## Exercise goal
Output the exact lines that start at the one containing "Sphaeralcea coccinea" and continue to the last line of the entries below; do not output pictures.
══════
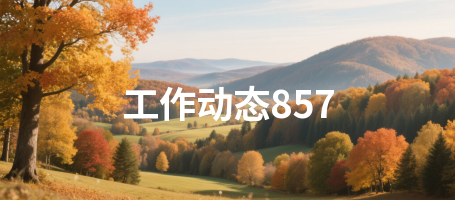 工作动态857
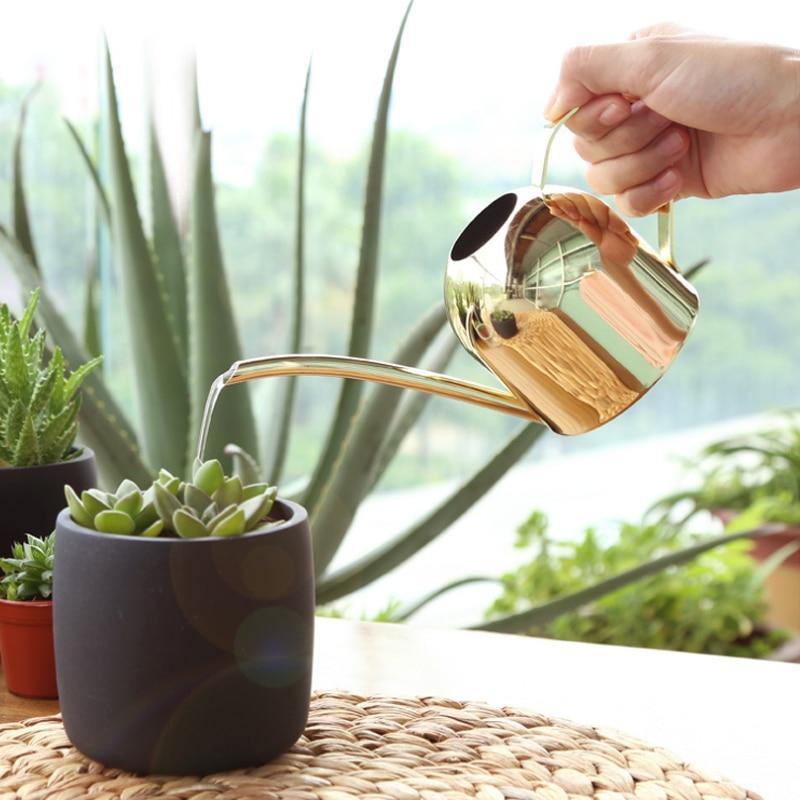 AquaGrace Stainless Steel Watering Can with Flexible Neck | Modern Design | Perfect Watering | Rustproof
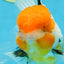 Tricolor Oranda Female 5-5.5 inches #070425OR_20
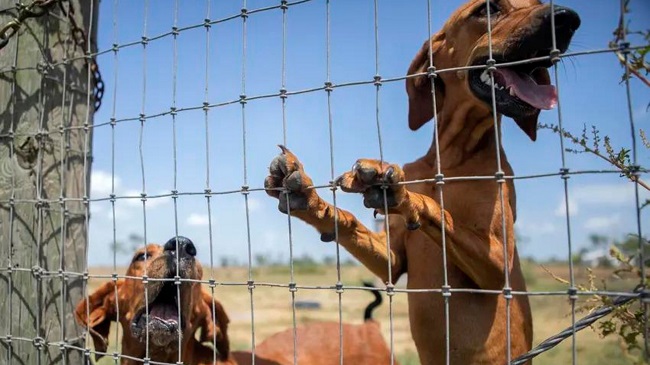 Dog Safety Bill Advances In Texas State Legislature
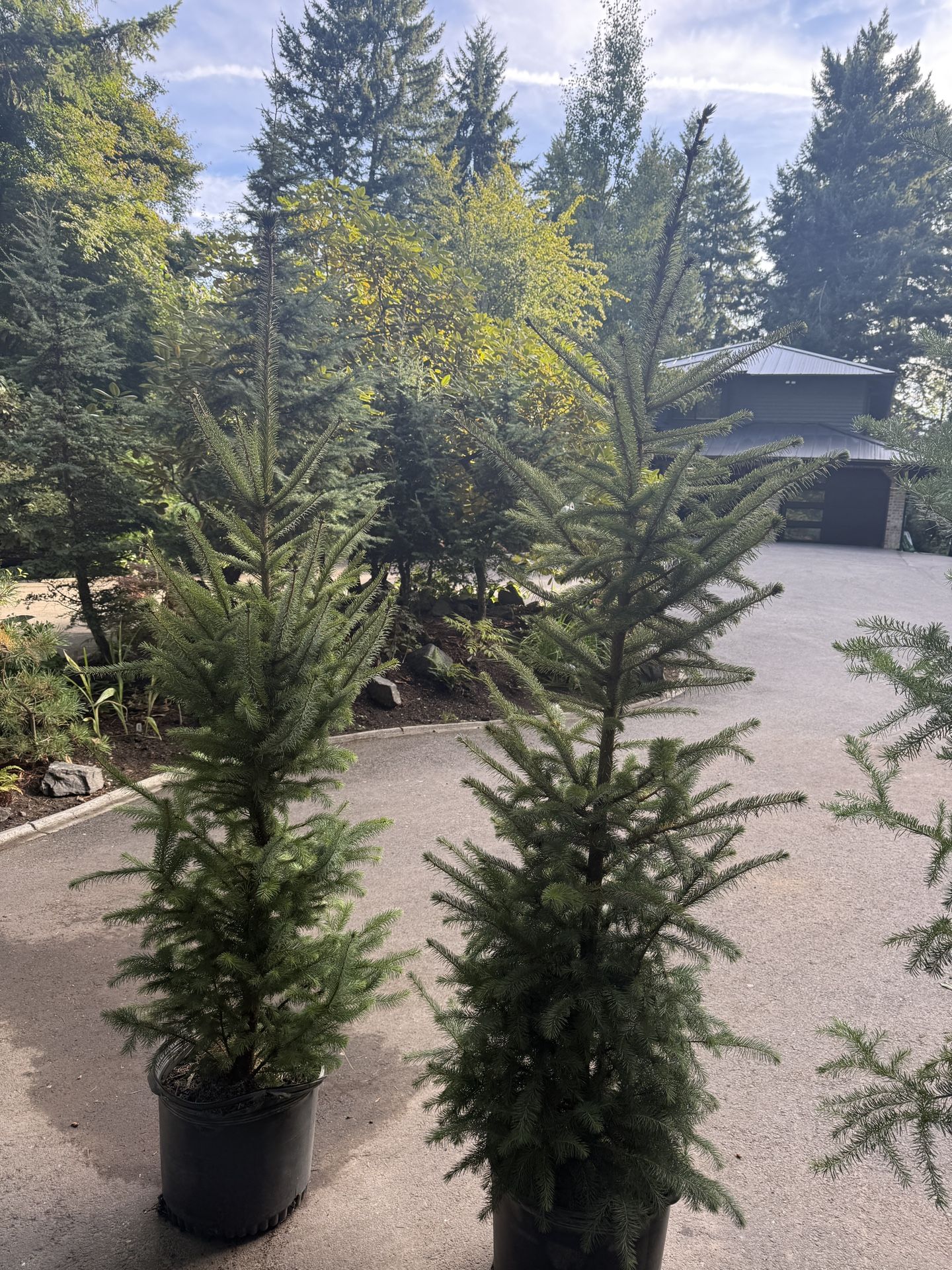 Nice Big Colorado Blue Spruce Trees —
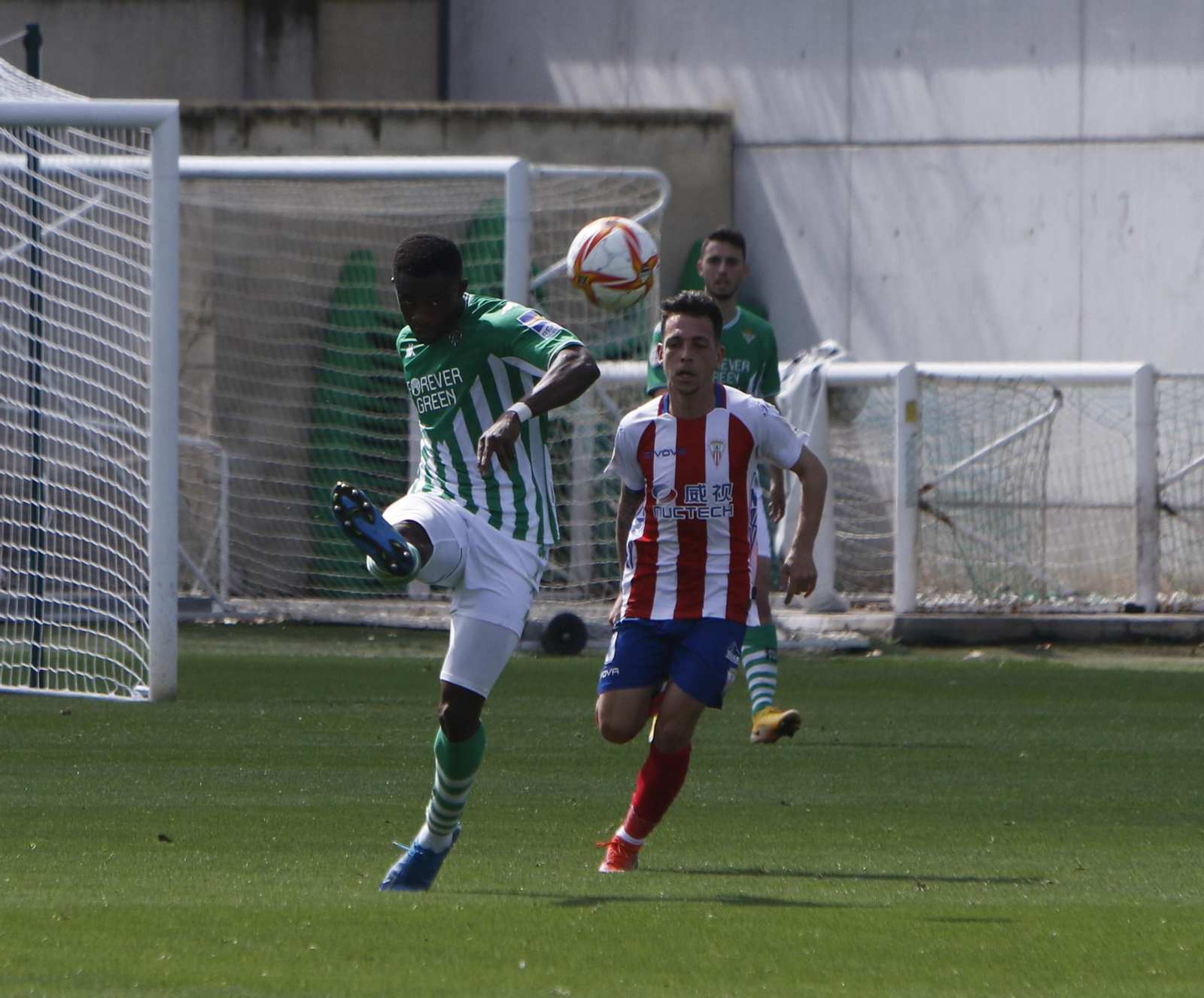 Las mejores fotos del Betis Deportivo - Algeciras CF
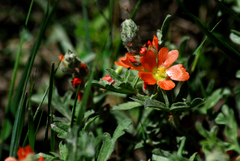 Sphaeralcea coccinea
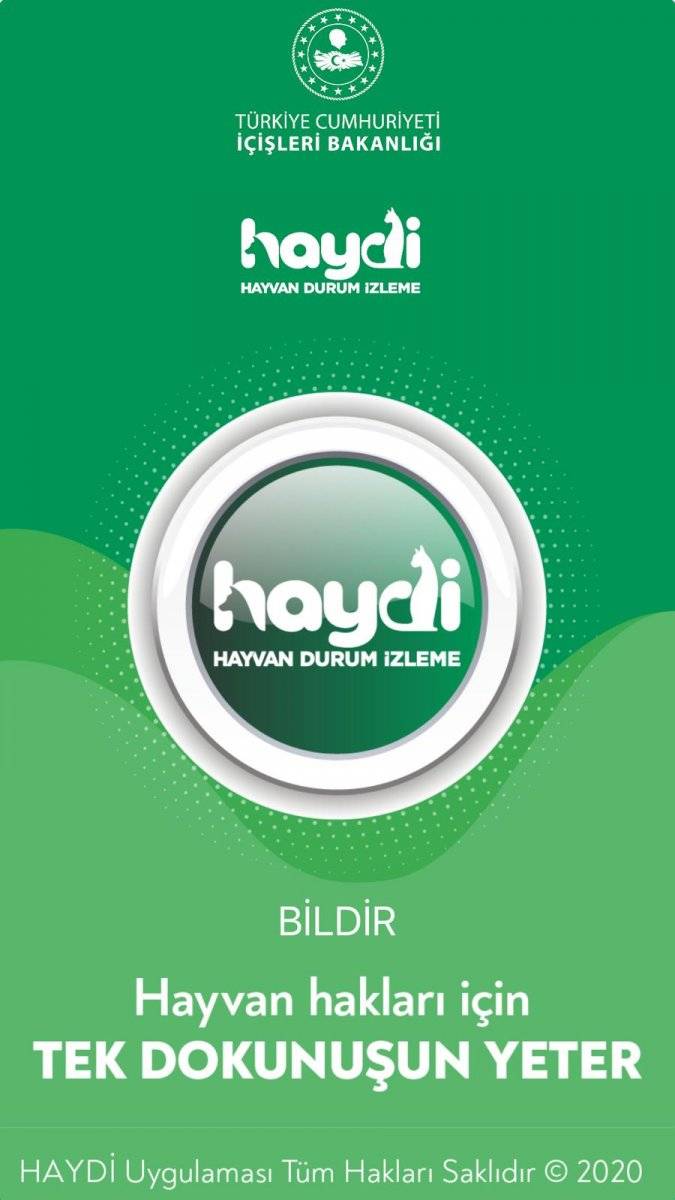 Haydi uygulaması nedir? Hayvan durum izleme uygulaması Haydi nasıl kullanılır?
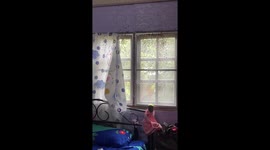 Hundreds of bees swarm into daughter's bedroom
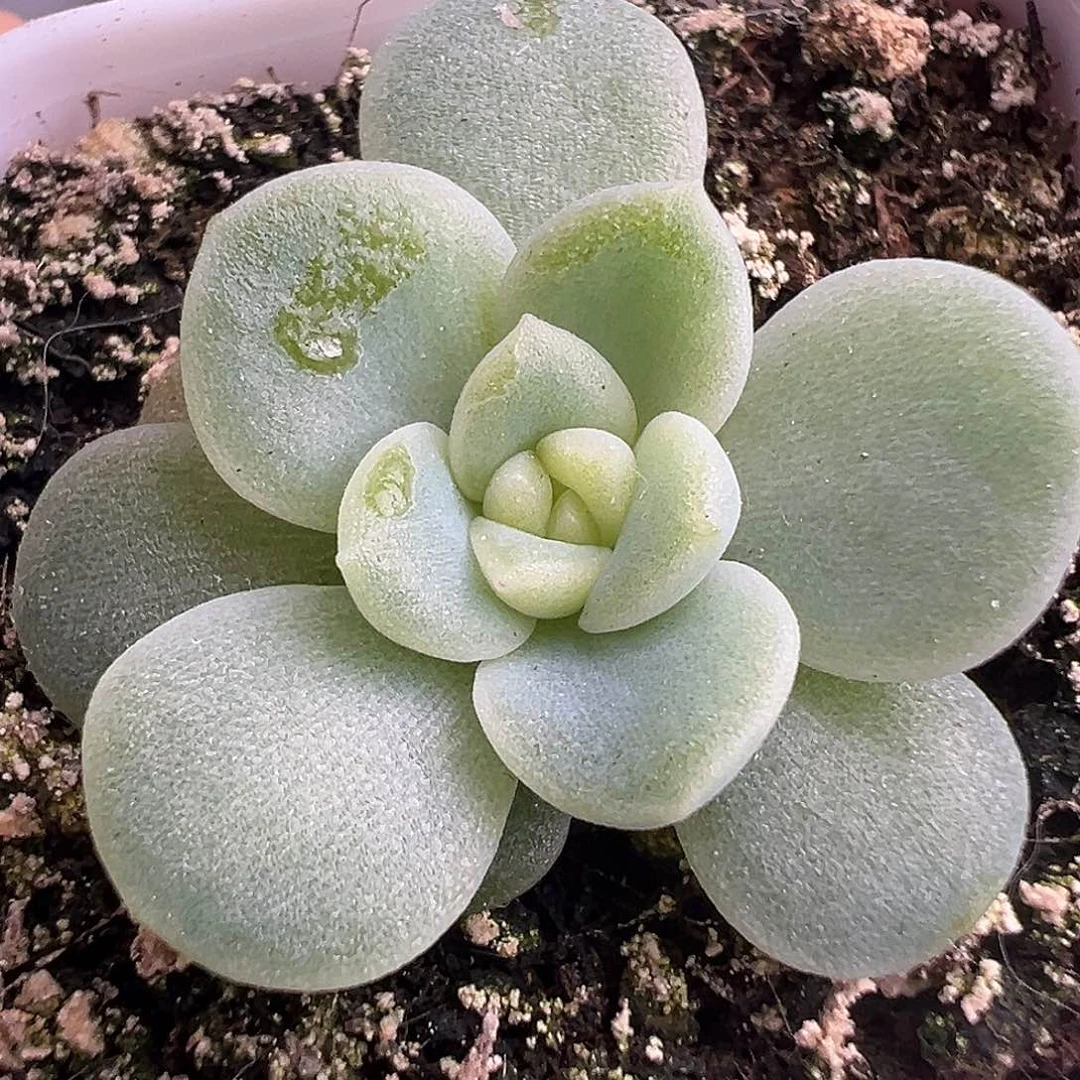 财富密码C1。    原价28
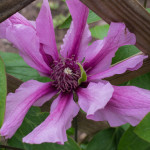 <em>Clematis</em> SAPHYRA Double Rose 'Cleminov29' 24/05/2015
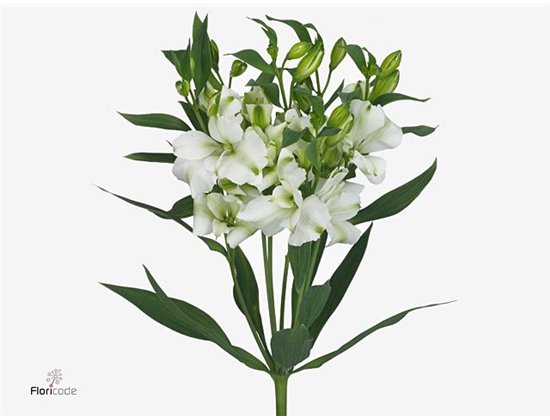 Alstromerija Fl Charme White c49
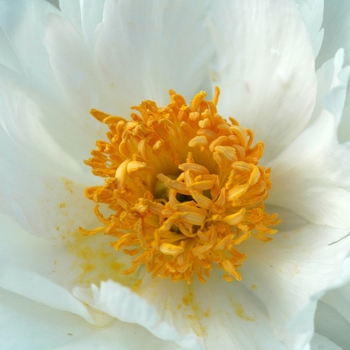 Paeonia lactiflora 'Krinkled White' (034518)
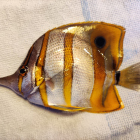 toter Pinzettfisch (Chelmon rostratus) :-(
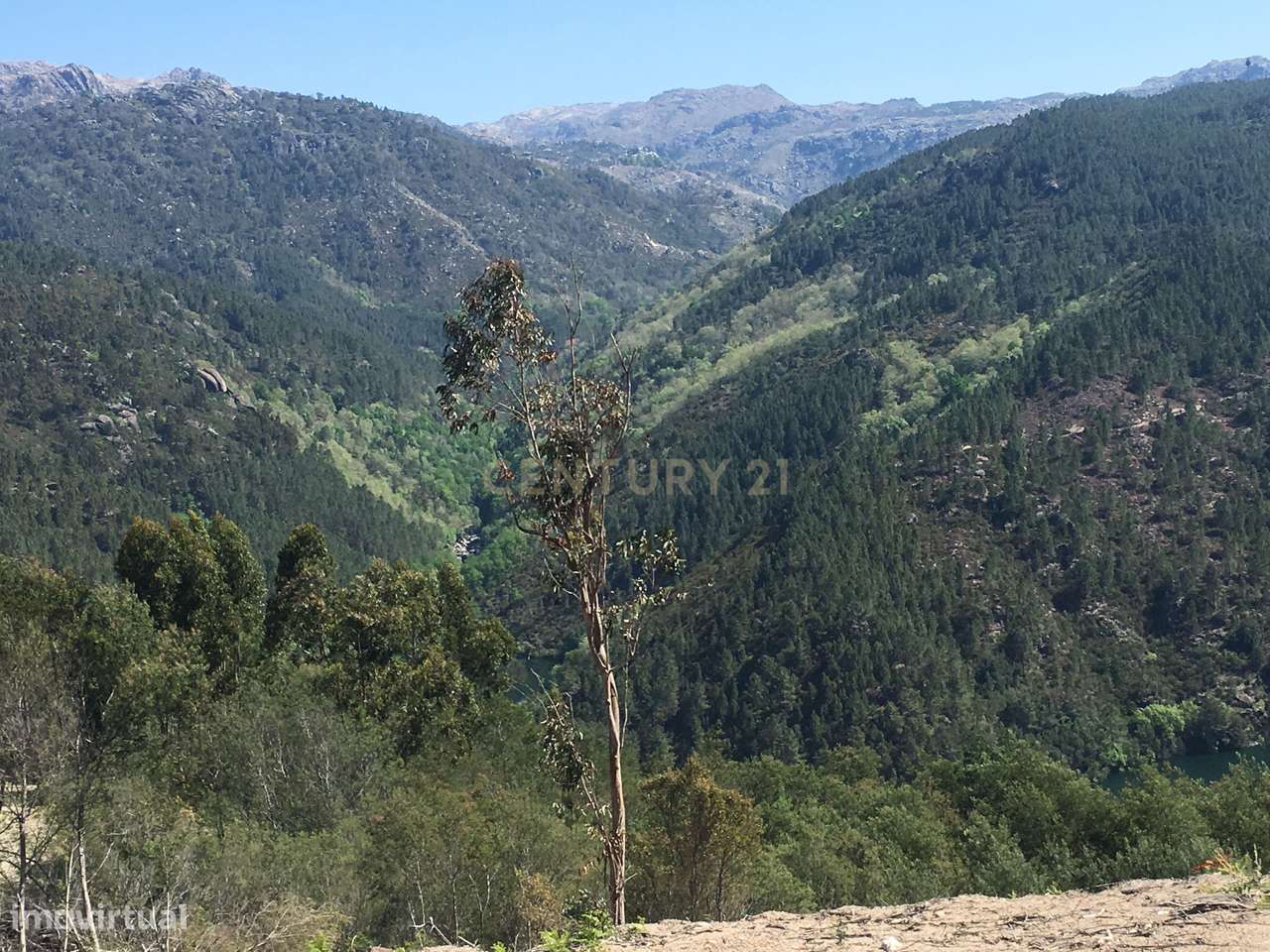 Terreno Plano de  5000m² no Gerês com Vistas Rio - Grande imagem: 4/21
══════
## Expected output
 Sphaeralcea coccinea
 Haydi uygulaması nedir? Hayvan durum izleme uygulaması Haydi nasıl kullanılır?
 Hundreds of bees swarm into daughter's bedroom
 财富密码C1。    原价28
 <em>Clematis</em> SAPHYRA Double Rose 'Cleminov29' 24/05/2015
 Alstromerija Fl Charme White c49
 Paeonia lactiflora 'Krinkled White' (034518)
 toter Pinzettfisch (Chelmon rostratus) :-(
 Terreno Plano de  5000m² no Gerês com Vistas Rio - Grande imagem: 4/21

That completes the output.